Ask HN: US Visa without degree - nikon
Is this possible at all? Has anyone done it? I&#x27;m a UK Citizen who is self taught with 5+ years experience developing web based software.<p>I may have the option of starting a part-time master&#x27;s degree in computer science... Would this help even without an undergrad?
======
TheDom
It is possible if you go for an L-1 visa where a degree is not a prerequisite.

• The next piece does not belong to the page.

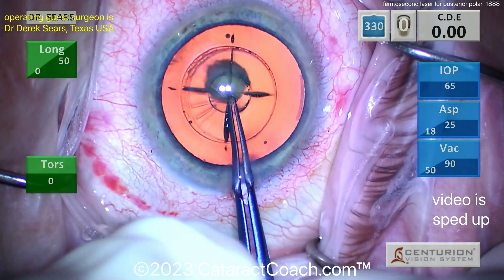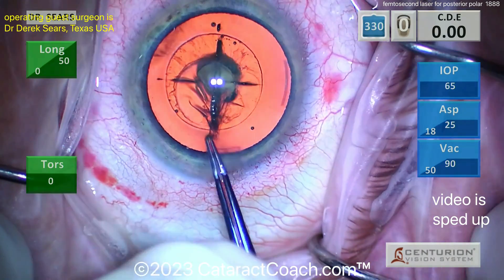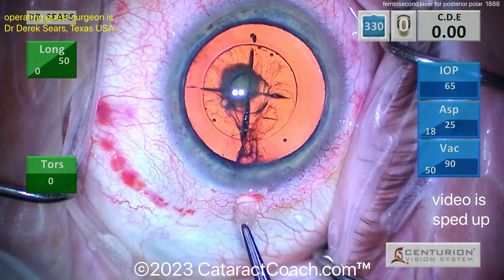Here is that capsulotomy — look, it's not free floating. You've got to grab it, and look at that little shake that was just performed. That's to make sure there are no attachment points. Beautifully done — get that out of the eye.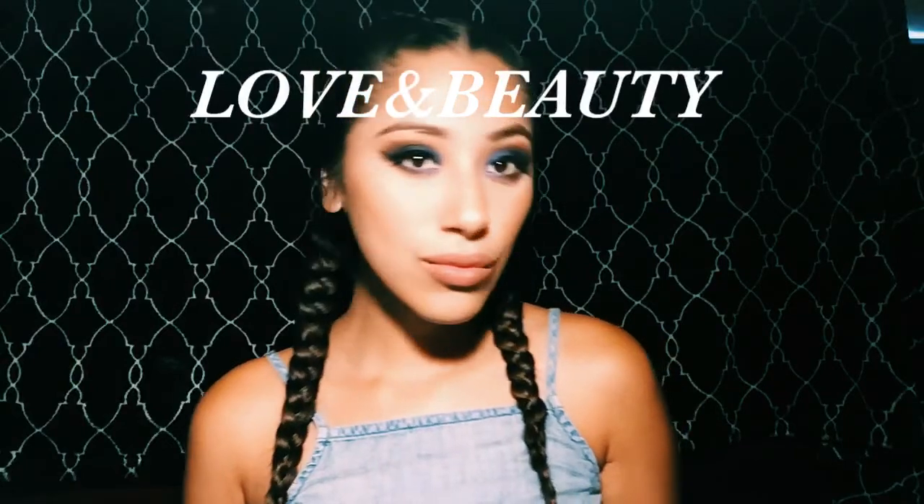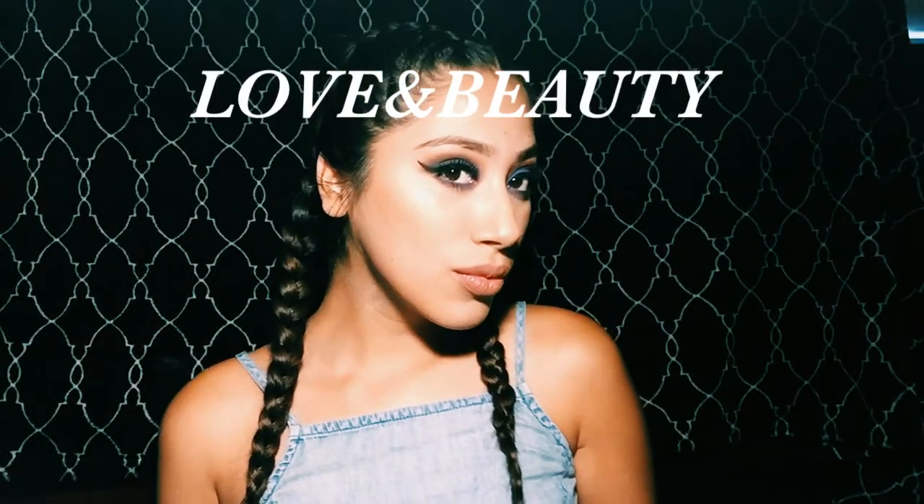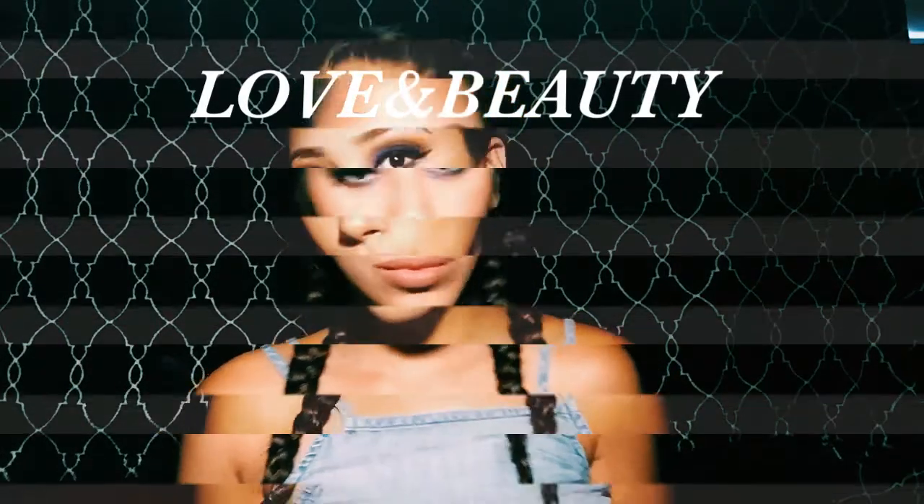Hey guys, welcome back to my channel! I really hope you guys like this nice blue makeup look. I really love this look — yes, I'm dancing! So here I'm just starting with a nice light concealer, like always, before I use my transition color.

If you work for a subsidiary of a US company outside of the US for at least
one year then you can transfer on the L-1 visa to their US office. Just be
aware that you can't switch companies like you could on an H-1B. However, L-1
visa holders can still apply for a green card. Once you have that you're free
to change employers.

One technicality: If you work for a big company (like Google) then you're
basically guaranteed to get the L-1 after one year since those companies
typically hold the so called L-1 blanket. Otherwise it's a more involved
process where you might get rejected.

I have friends who are currently on an L-1 in SF through big companies (= L-1
blanket holders) and getting it was basically a formality.

The L-1 also has the advantage that there is no annual cap like there is on
the H-1B. You get it or you don't. No lottery. One big startup that I
interviewed with opened up an office in Vancouver specifically for H-1B
rejects to get them to their main office in SF through the L-1 one year later.

More information on Wikipedia:
[http://en.wikipedia.org/wiki/L-1_visa](http://en.wikipedia.org/wiki/L-1_visa)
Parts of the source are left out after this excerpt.